No es que el fin de la convivencia justifique cualquier medio, sino que pone en entredicho la justificación de 'líneas rojas', y en mi opinión, convierte en vergonzosos los vetos que los partidos se han puesto entre sí. Quien veta cree excluir al otro, y lo hace, pero al precio de convertirse en excluyente, lo que es peor. En democracia y entre personas o partidos que defienden pacíficamente sus ideas sin pretender la abolición de la democracia misma, un veto debería ser tomado por una anomalía, una patológica malformación ideológica. Aunque lo parezca, no es mejor el partido que no recibe vetos, sino el que no los pone. Y de ahí no se sigue que no haya incompatibilidades ideológicas insalvables, ni posiciones de principios irreconciliables, que las hay. Lo que se sigue es que nadie quiere excluir por principio a otro, y que pese a las discrepancias lo que se pretende no es su desaparición.

El fondo del asunto es que siguen vigentes los supuestos que hicieron al bipartidismo indeseable: la creencia de que ganar unas elecciones da la autorización para prescindir del otro, obviar su opinión y desatender su margen de lo aceptable. Lo malo de nuestra situación es también, por tanto, lo bueno: que nadie puede obtener el poder prescindiendo de los demás. Vencer no da derecho a que el vencido sea el único que tiene que ceder, eso no es democracia sino una tiranía imperfecta, limitada por periodos de cuatro años revisables, que convierten las alternancias en revanchas.

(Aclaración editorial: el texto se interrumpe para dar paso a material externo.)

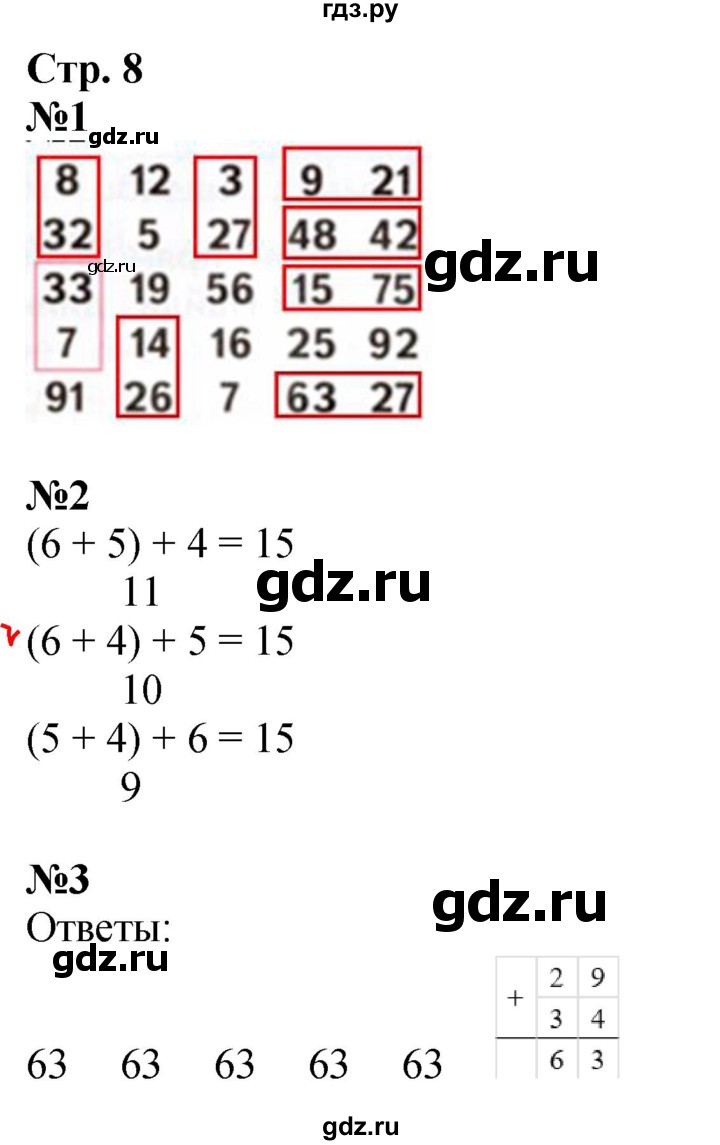 ГДЗ по математике 3 класс Дорофеев рабочая тетрадь  часть 1. страницы - 8, Решебник 2024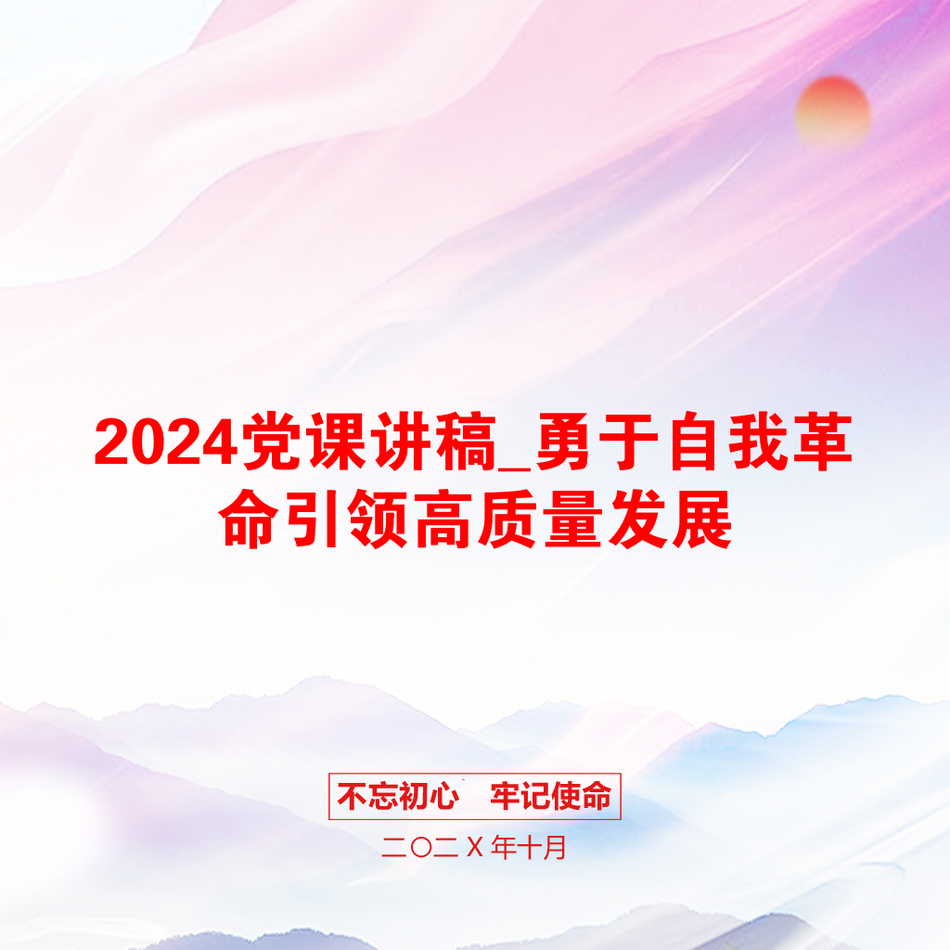 2024党课讲稿_勇于自我革命引领高质量发展_第1页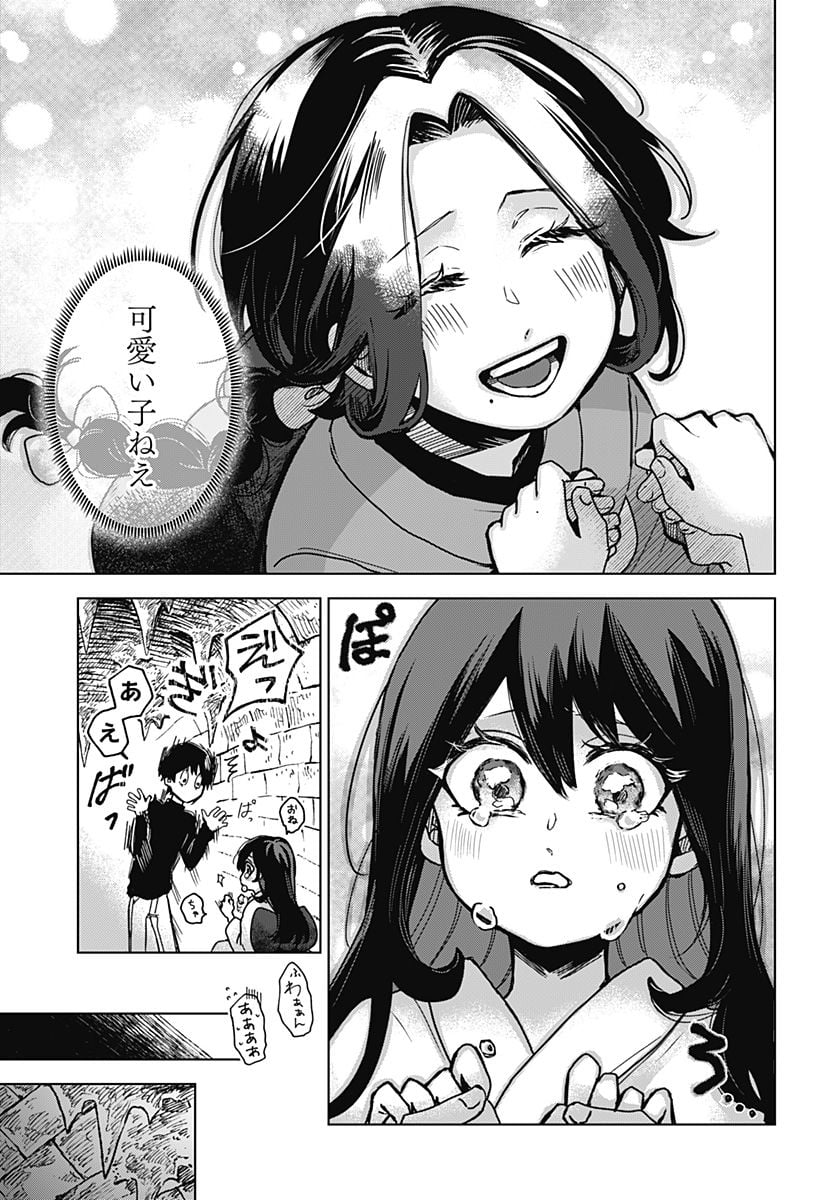 口が裂けても君には 第68話 - Page 13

Como dijo Unamuno, vencer no es lo mismo que convencer, pero en democracia no pueden disociarse completamente. Y no solo respecto la mayoría necesaria para ganar unas elecciones, sino a todos cuantos sea posible, incluidos los que nunca les darán su voto. Lo democrático, a mi juicio, no es hacer sin más lo que nos parezca una vez que se ha conseguido la mitad más uno de los votos: eso es un abuso, legitimado, pero un abuso de baja calidad democrática, que se dice ahora. Por eso hemos huido de las mayorías absolutas: porque es preferible que nadie se salga con la suya simplemente, sino que sea necesario matizar y componer. Hay que asumir que en democracia, la política es una ecuación de la que no cabe eliminar una cierta frustración, y que no cabe conquistar un cielo que sería el infierno de los discrepantes. Lo democrático es no perder de vista lo que piensan los que han perdido, y asumir que quien vence también tiene que ceder, sin conceder.